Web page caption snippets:
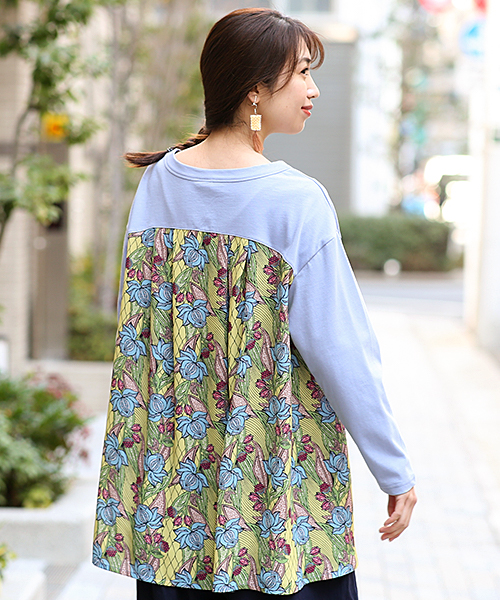 キテンゲフラワーコンビ プルオーバー / Tシャツ・カットソー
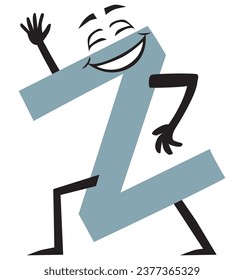 A happy cartoon letter z is strolling along smiling and waving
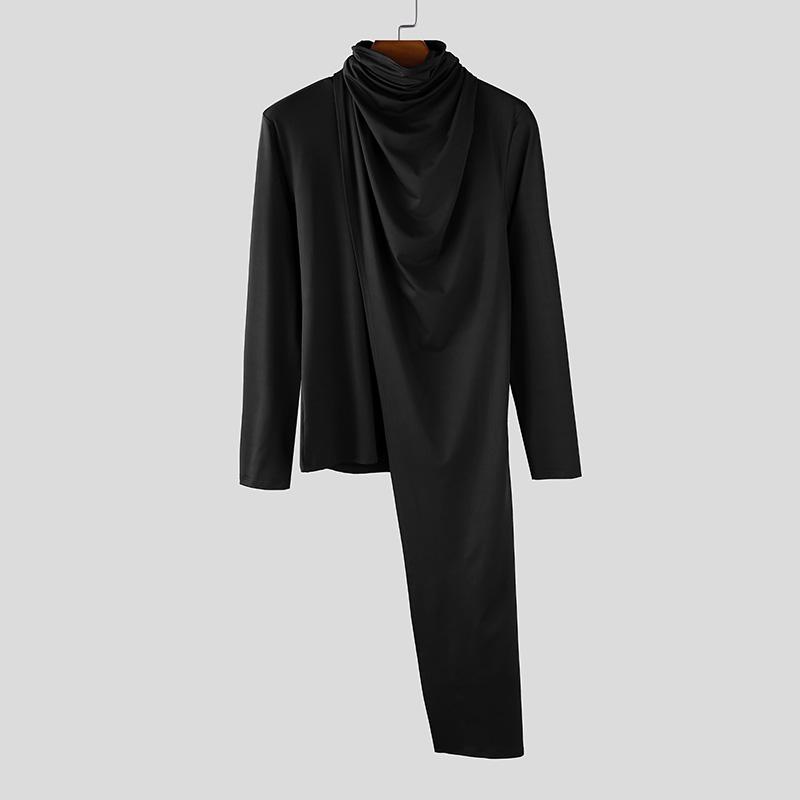 

INCERUN Autumn Men Turtleneck Long Sleeve Irregular Layers Casual T-shirts Undershirts S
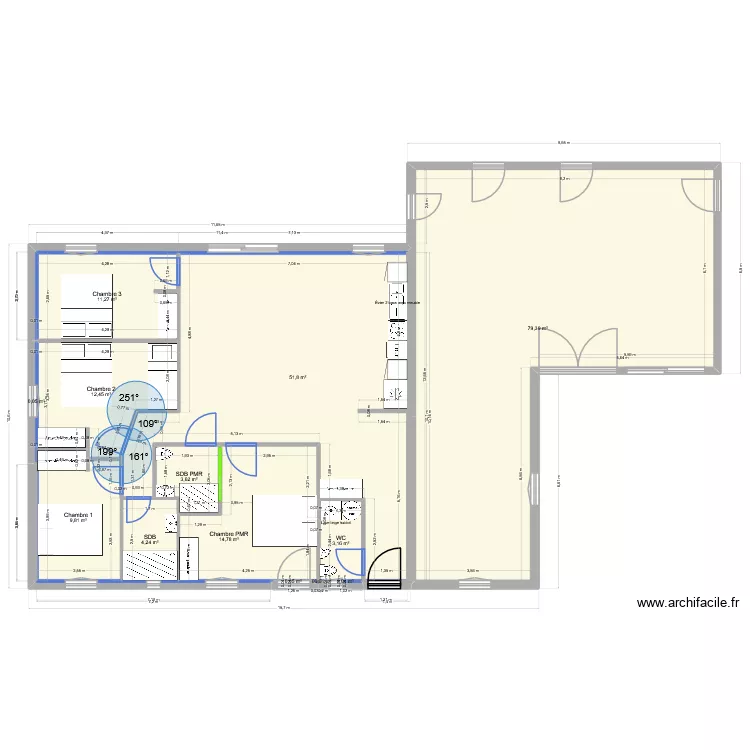 Pontacq new et garage actuel sans toit. Plan de 14  et 191 m²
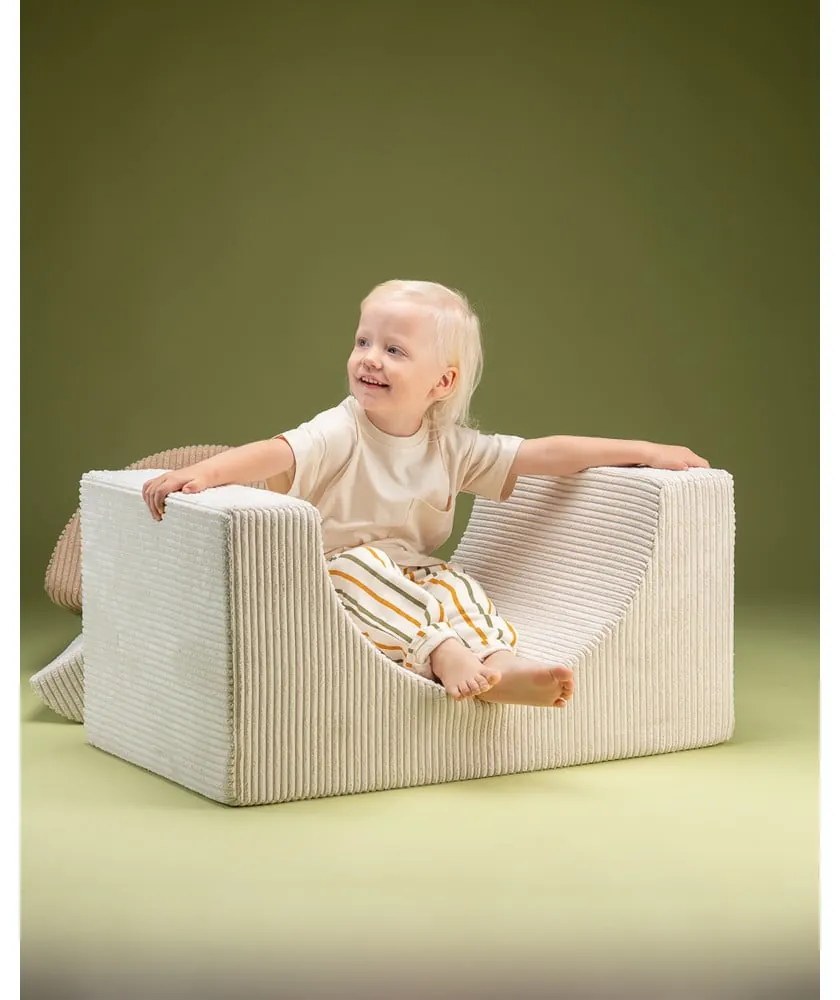 Teren de joacă din spumă crem 3 buc. din catifea reiată înălțime 37 cm 75x49 cm Rainbow Montessori – Wigiwama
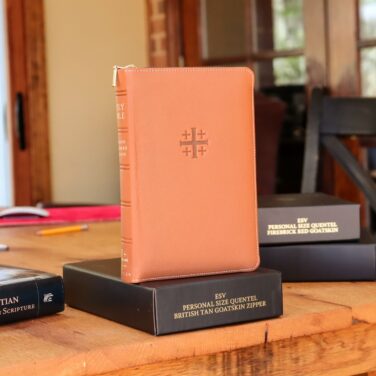 Schuyler Personal Size Quentel NLT, British Tan Goatskin Bible, Zipper Edition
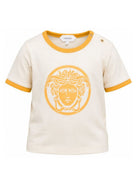 T-shirt per neonati Versace Kids bianca con bordi a contrasto 10251501A18172 2YE30 VERSACE KIDS 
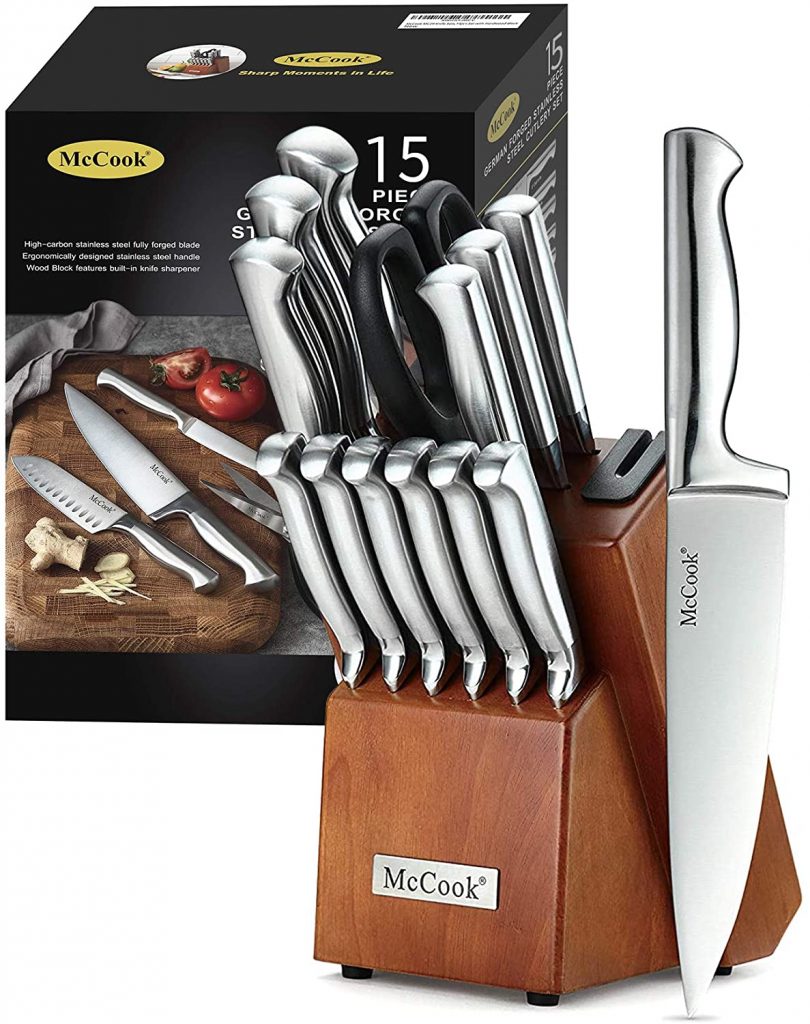 McCook MC29 Knife Sets 15 Piece German Stainless Steel Kitchen Knife Block Set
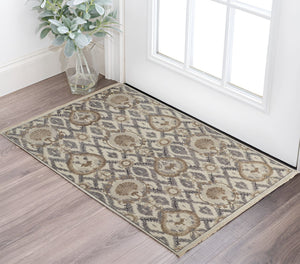 Homeroots 2' X 3' Gray And Ivory Wool Floral Hand Knotted Area Rug Ivory,Gray,Taupe Wool 513109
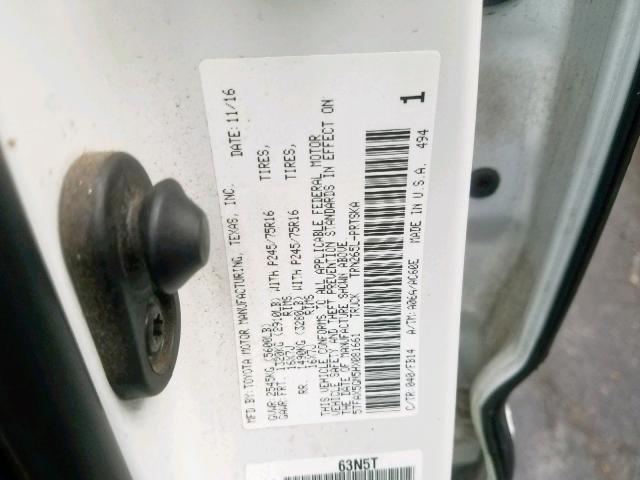 5TFAX5GN5HX081661 - 2017 TOYOTA TACOMA DOU WHITE photo 10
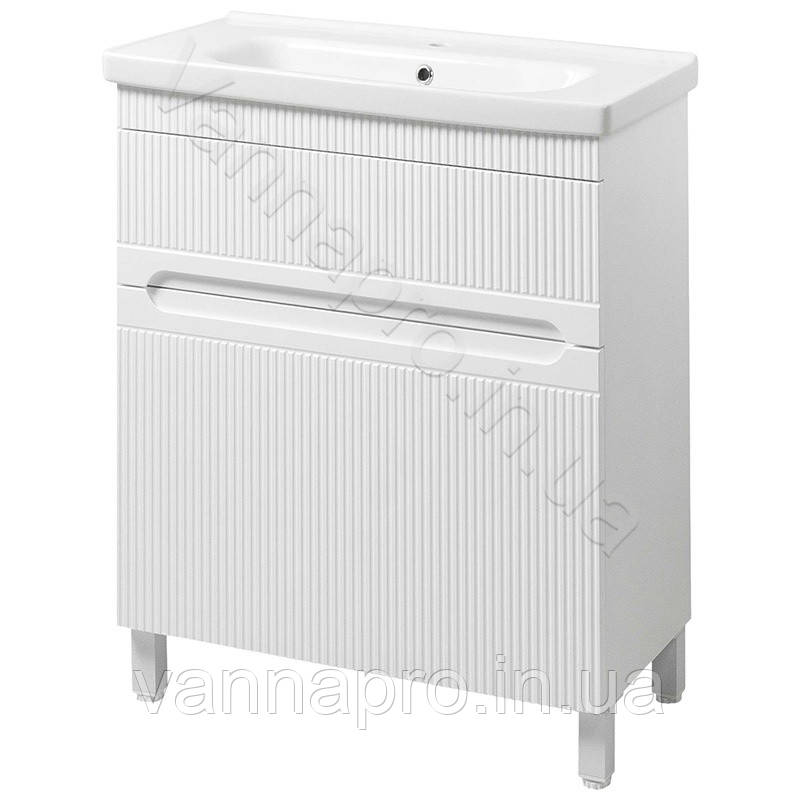 Тумба підлогова ЮВВІС Aria ТНБ-2 Д біла матова з умивальником Fenova 65 см, фото 1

• [How to complete this task]
Pictures are not part of the copy. Output only the lines from the one with "A happy cartoon" through the final line of the records, exactly as given.

• [Answer section]
 A happy cartoon letter z is strolling along smiling and waving

INCERUN Autumn Men Turtleneck Long Sleeve Irregular Layers Casual T-shirts Undershirts S
 Pontacq new et garage actuel sans toit. Plan de 14  et 191 m²
 Teren de joacă din spumă crem 3 buc. din catifea reiată înălțime 37 cm 75x49 cm Rainbow Montessori – Wigiwama
 Schuyler Personal Size Quentel NLT, British Tan Goatskin Bible, Zipper Edition
 T-shirt per neonati Versace Kids bianca con bordi a contrasto 10251501A18172 2YE30 VERSACE KIDS 
 McCook MC29 Knife Sets 15 Piece German Stainless Steel Kitchen Knife Block Set
 Homeroots 2' X 3' Gray And Ivory Wool Floral Hand Knotted Area Rug Ivory,Gray,Taupe Wool 513109
 5TFAX5GN5HX081661 - 2017 TOYOTA TACOMA DOU WHITE photo 10
 Тумба підлогова ЮВВІС Aria ТНБ-2 Д біла матова з умивальником Fenova 65 см, фото 1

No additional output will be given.